┌──

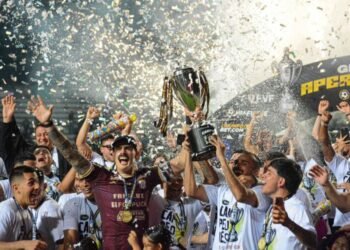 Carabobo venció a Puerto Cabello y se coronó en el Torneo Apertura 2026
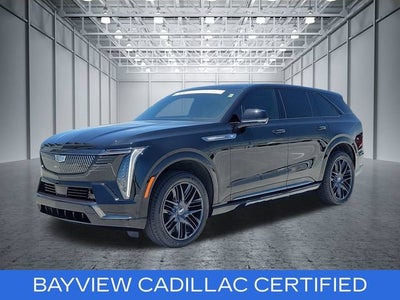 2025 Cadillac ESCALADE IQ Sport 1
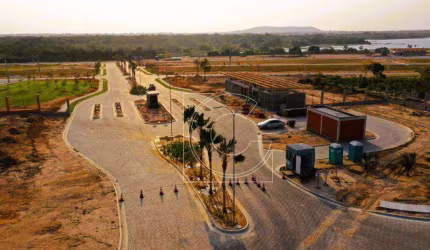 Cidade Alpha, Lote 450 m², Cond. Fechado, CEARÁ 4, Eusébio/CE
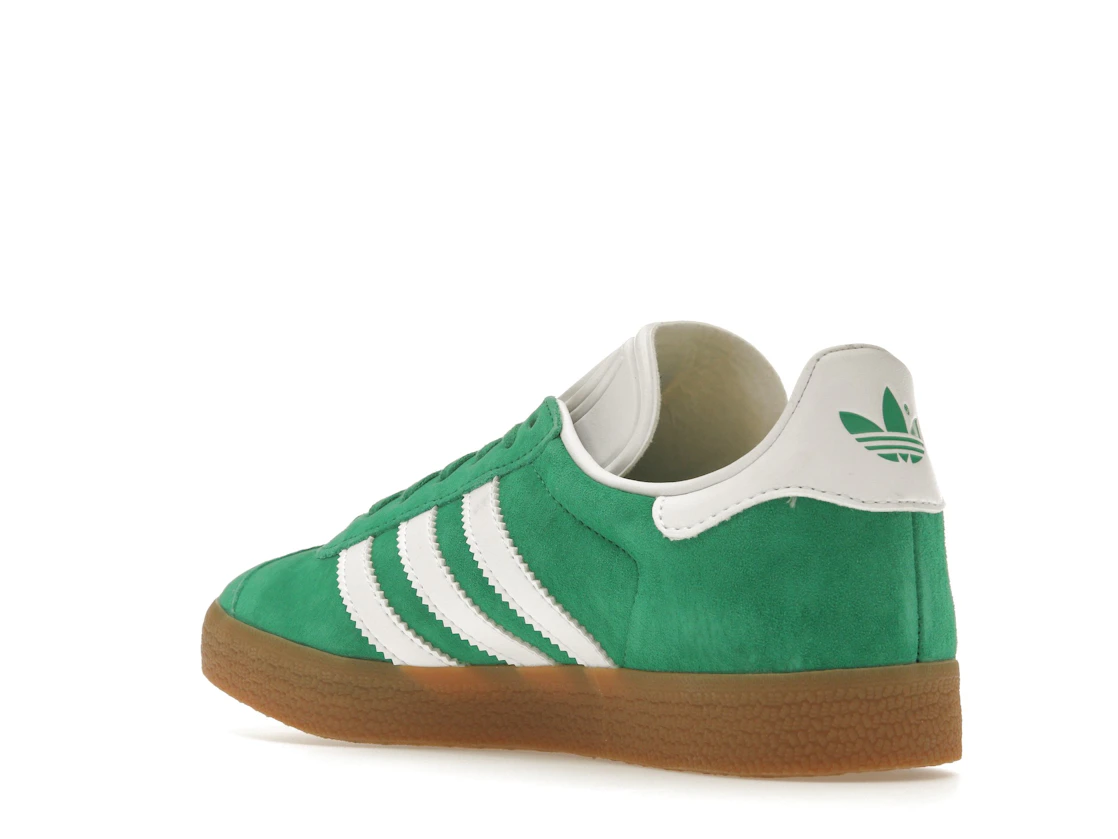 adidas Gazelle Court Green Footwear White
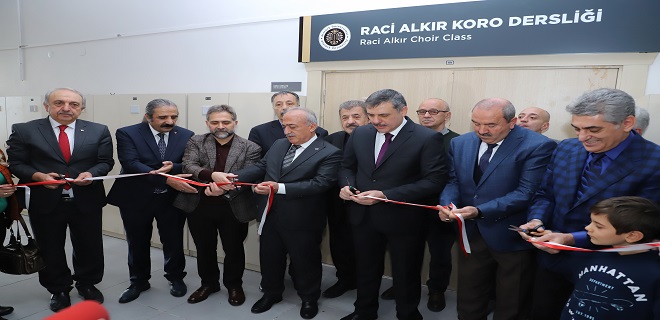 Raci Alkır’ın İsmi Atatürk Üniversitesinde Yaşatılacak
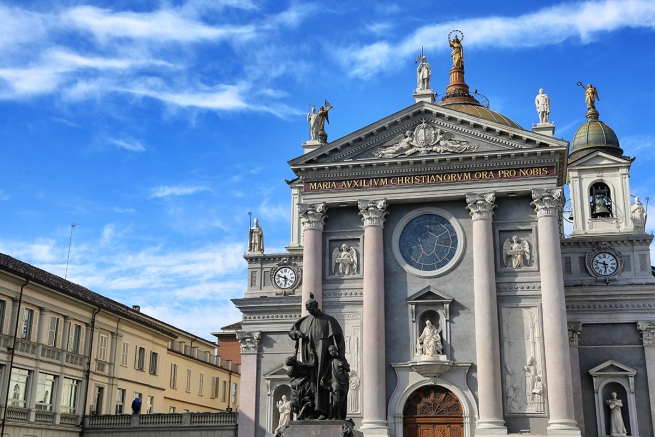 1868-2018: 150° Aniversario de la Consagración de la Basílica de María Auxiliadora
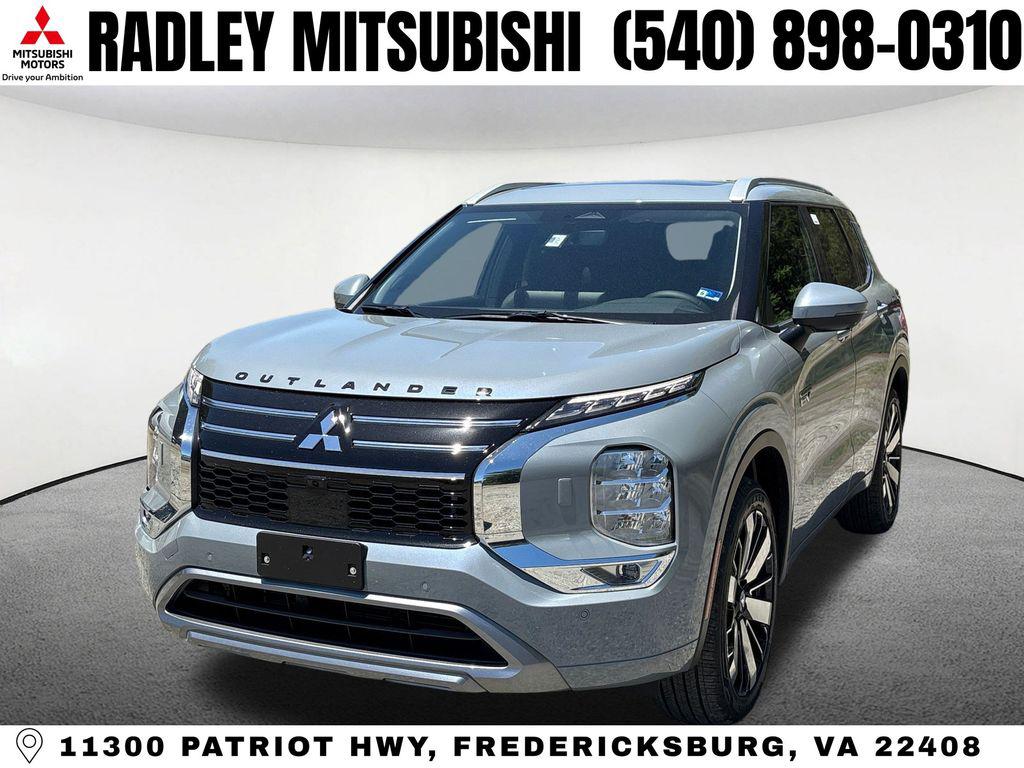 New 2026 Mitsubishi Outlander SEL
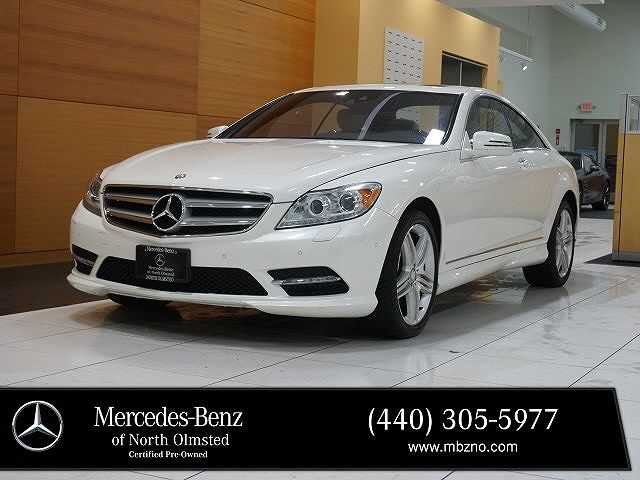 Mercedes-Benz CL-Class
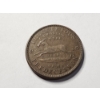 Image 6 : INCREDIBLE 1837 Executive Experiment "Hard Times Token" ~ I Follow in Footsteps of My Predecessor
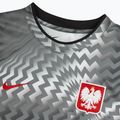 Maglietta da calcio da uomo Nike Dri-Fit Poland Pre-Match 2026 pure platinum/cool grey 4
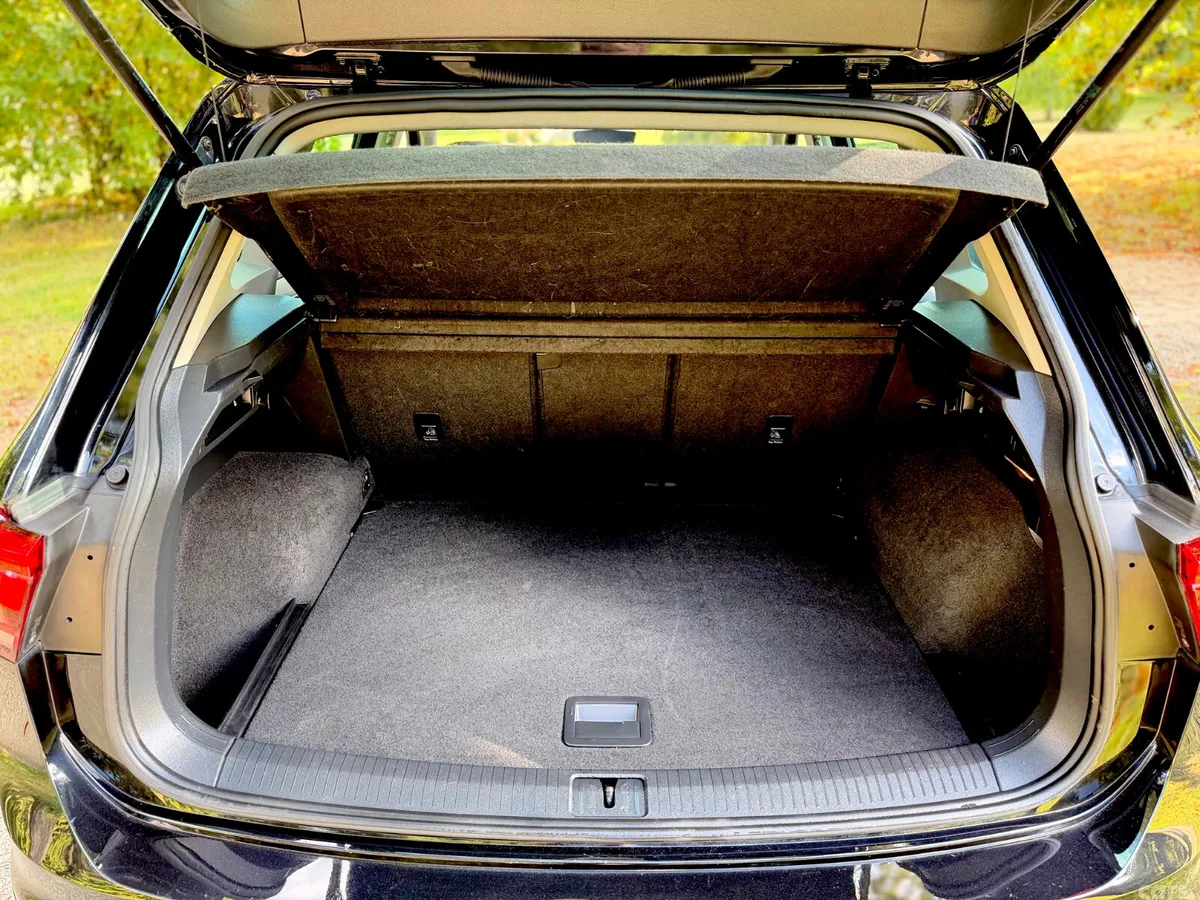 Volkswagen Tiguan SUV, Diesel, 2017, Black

└──

Problem description: Exclude all pictures and reproduce exactly the lines from the one containing "Image 6 : INCREDIBLE" through the final line of the entries above.

Solution for this task:
 Image 6 : INCREDIBLE 1837 Executive Experiment "Hard Times Token" ~ I Follow in Footsteps of My Predecessor
 Maglietta da calcio da uomo Nike Dri-Fit Poland Pre-Match 2026 pure platinum/cool grey 4
 Volkswagen Tiguan SUV, Diesel, 2017, Black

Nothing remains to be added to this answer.